(Beginning of Material supplied)

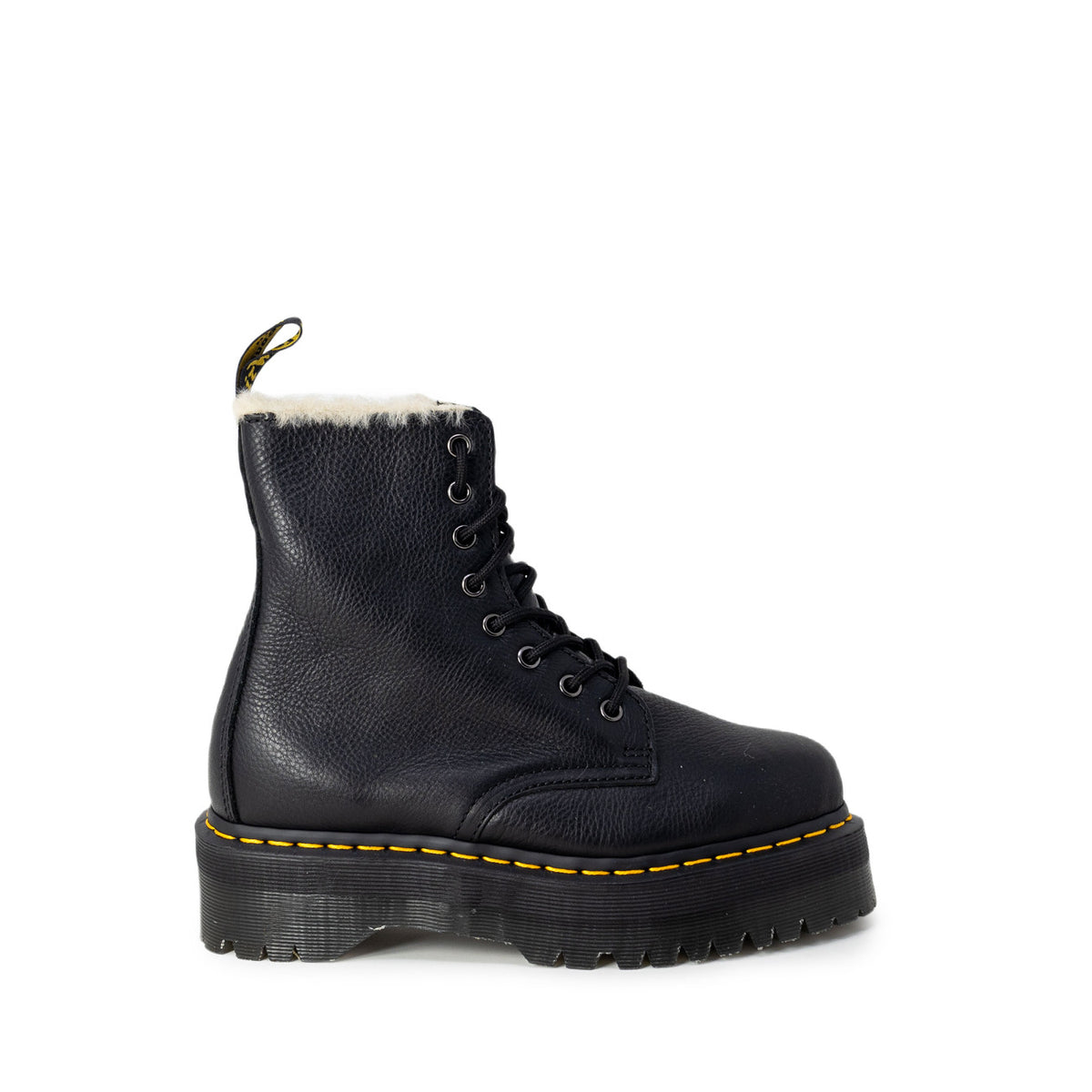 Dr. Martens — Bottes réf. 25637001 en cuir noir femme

(End of Material supplied)
(Beginning of Material supplied)

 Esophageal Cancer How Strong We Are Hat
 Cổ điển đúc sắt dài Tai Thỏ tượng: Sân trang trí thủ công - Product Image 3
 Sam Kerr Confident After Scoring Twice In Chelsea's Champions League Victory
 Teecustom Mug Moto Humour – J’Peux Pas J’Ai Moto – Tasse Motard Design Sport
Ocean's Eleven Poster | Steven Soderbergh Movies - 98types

(End of Material supplied)
(Beginning of Material supplied)

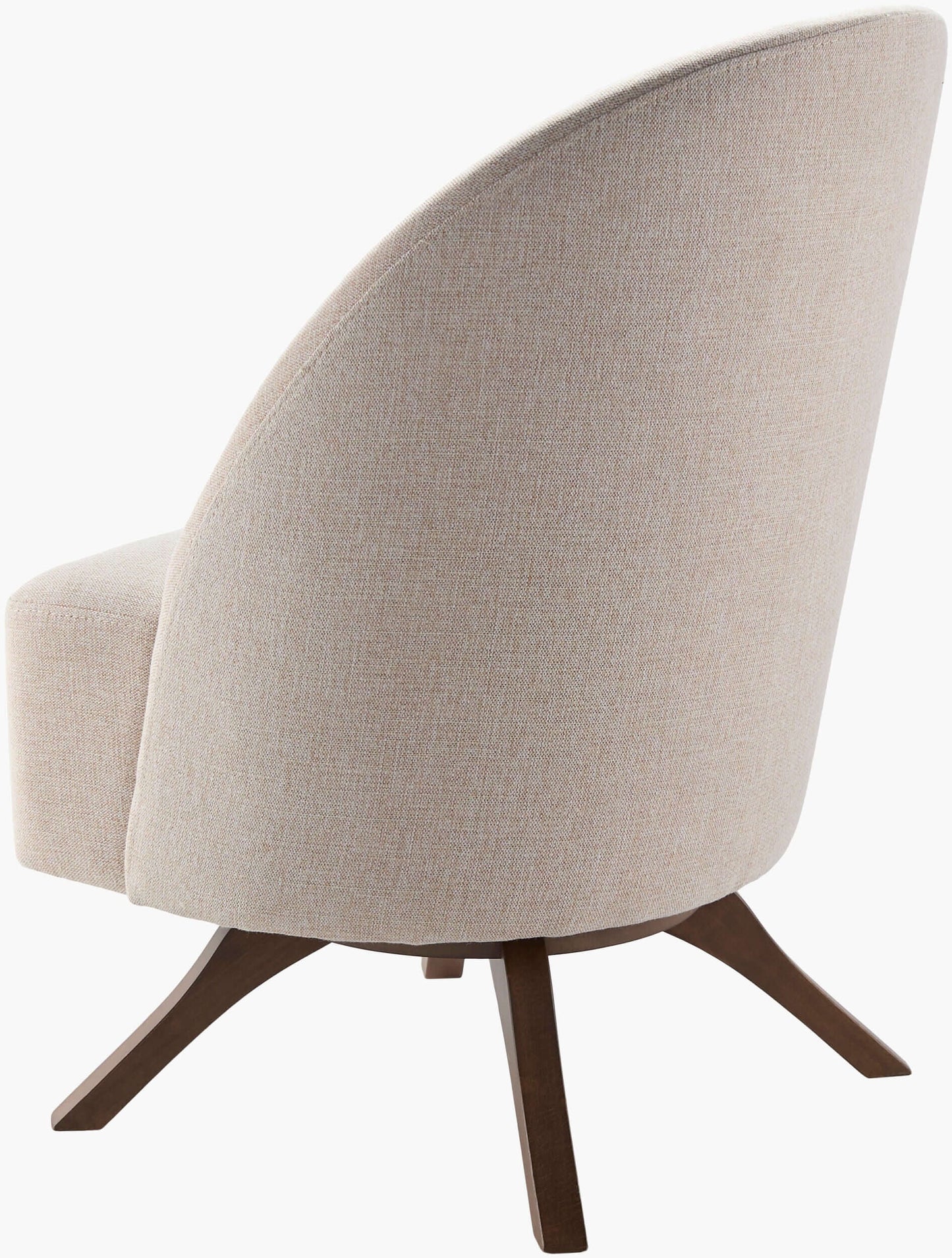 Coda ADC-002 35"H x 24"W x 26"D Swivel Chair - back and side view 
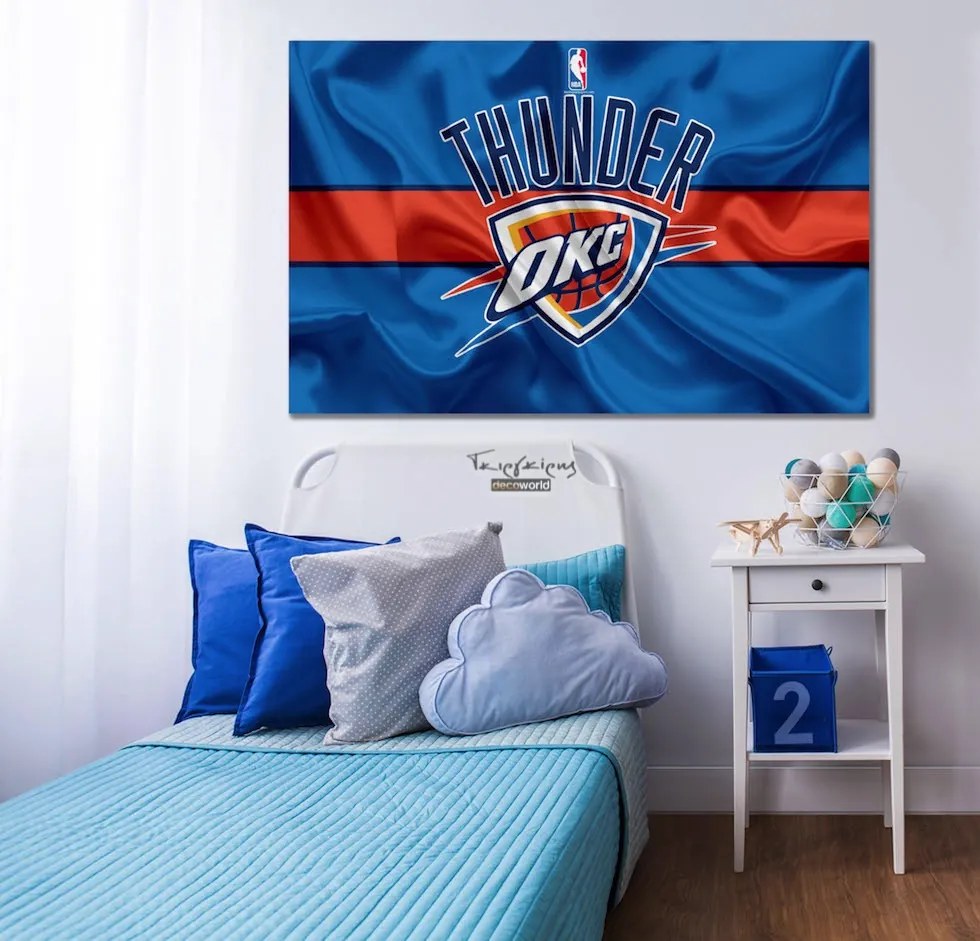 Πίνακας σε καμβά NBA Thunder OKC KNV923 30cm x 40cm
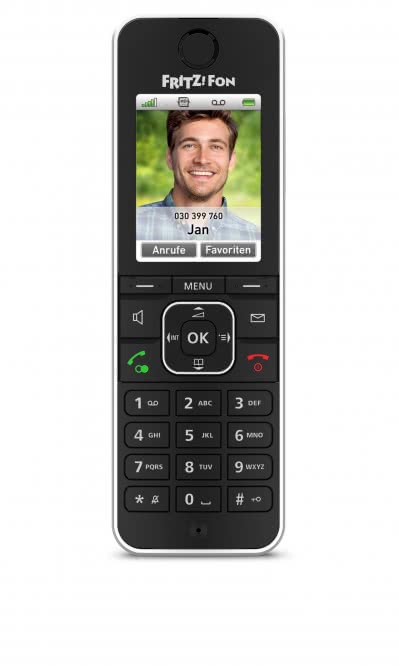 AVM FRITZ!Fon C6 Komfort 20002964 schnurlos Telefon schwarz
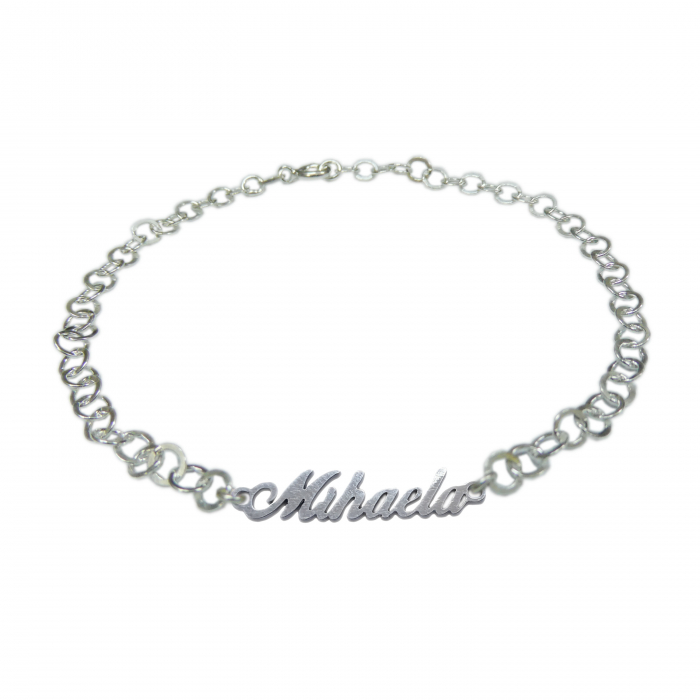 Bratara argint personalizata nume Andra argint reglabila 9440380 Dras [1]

(End of Material supplied)

Exercise: Would you quote everything above from the line containing "Sam Kerr Confident" down to the line containing "Ocean's Eleven Poster"? Include both of those lines and nothing else.

Completed exercise:
 Sam Kerr Confident After Scoring Twice In Chelsea's Champions League Victory
 Teecustom Mug Moto Humour – J’Peux Pas J’Ai Moto – Tasse Motard Design Sport
Ocean's Eleven Poster | Steven Soderbergh Movies - 98types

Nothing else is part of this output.